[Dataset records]
+++++

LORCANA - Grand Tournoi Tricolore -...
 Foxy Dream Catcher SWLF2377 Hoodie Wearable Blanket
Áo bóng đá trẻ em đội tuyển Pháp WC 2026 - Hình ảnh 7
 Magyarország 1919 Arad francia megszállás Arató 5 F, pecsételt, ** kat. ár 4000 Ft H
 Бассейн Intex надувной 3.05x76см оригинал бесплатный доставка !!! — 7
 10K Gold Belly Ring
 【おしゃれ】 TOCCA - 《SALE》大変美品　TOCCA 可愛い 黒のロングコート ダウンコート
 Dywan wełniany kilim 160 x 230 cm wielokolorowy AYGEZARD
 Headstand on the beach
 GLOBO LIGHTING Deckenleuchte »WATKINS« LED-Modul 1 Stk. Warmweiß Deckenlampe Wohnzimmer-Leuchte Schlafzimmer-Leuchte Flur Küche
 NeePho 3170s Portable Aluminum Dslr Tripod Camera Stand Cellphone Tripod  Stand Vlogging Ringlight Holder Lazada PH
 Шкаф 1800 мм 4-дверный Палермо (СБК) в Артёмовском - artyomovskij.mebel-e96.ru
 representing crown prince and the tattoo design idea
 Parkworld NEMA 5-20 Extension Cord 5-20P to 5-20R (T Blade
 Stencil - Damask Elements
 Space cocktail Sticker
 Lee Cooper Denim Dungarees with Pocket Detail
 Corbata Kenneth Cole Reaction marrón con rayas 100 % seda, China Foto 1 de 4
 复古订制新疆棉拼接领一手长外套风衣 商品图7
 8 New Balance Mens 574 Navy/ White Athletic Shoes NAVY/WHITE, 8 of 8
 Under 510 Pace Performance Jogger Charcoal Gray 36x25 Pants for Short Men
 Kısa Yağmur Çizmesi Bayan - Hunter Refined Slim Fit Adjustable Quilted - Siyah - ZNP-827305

+++++

*EXERCISE DIRECTIONS:* Every record should be given again without alteration.

*EXERCISE SOLUTION:*
LORCANA - Grand Tournoi Tricolore -...
 Foxy Dream Catcher SWLF2377 Hoodie Wearable Blanket
Áo bóng đá trẻ em đội tuyển Pháp WC 2026 - Hình ảnh 7
 Magyarország 1919 Arad francia megszállás Arató 5 F, pecsételt, ** kat. ár 4000 Ft H
 Бассейн Intex надувной 3.05x76см оригинал бесплатный доставка !!! — 7
 10K Gold Belly Ring
 【おしゃれ】 TOCCA - 《SALE》大変美品　TOCCA 可愛い 黒のロングコート ダウンコート
 Dywan wełniany kilim 160 x 230 cm wielokolorowy AYGEZARD
 Headstand on the beach
 GLOBO LIGHTING Deckenleuchte »WATKINS« LED-Modul 1 Stk. Warmweiß Deckenlampe Wohnzimmer-Leuchte Schlafzimmer-Leuchte Flur Küche
 NeePho 3170s Portable Aluminum Dslr Tripod Camera Stand Cellphone Tripod  Stand Vlogging Ringlight Holder Lazada PH
 Шкаф 1800 мм 4-дверный Палермо (СБК) в Артёмовском - artyomovskij.mebel-e96.ru
 representing crown prince and the tattoo design idea
 Parkworld NEMA 5-20 Extension Cord 5-20P to 5-20R (T Blade
 Stencil - Damask Elements
 Space cocktail Sticker
 Lee Cooper Denim Dungarees with Pocket Detail
 Corbata Kenneth Cole Reaction marrón con rayas 100 % seda, China Foto 1 de 4
 复古订制新疆棉拼接领一手长外套风衣 商品图7
 8 New Balance Mens 574 Navy/ White Athletic Shoes NAVY/WHITE, 8 of 8
 Under 510 Pace Performance Jogger Charcoal Gray 36x25 Pants for Short Men
 Kısa Yağmur Çizmesi Bayan - Hunter Refined Slim Fit Adjustable Quilted - Siyah - ZNP-827305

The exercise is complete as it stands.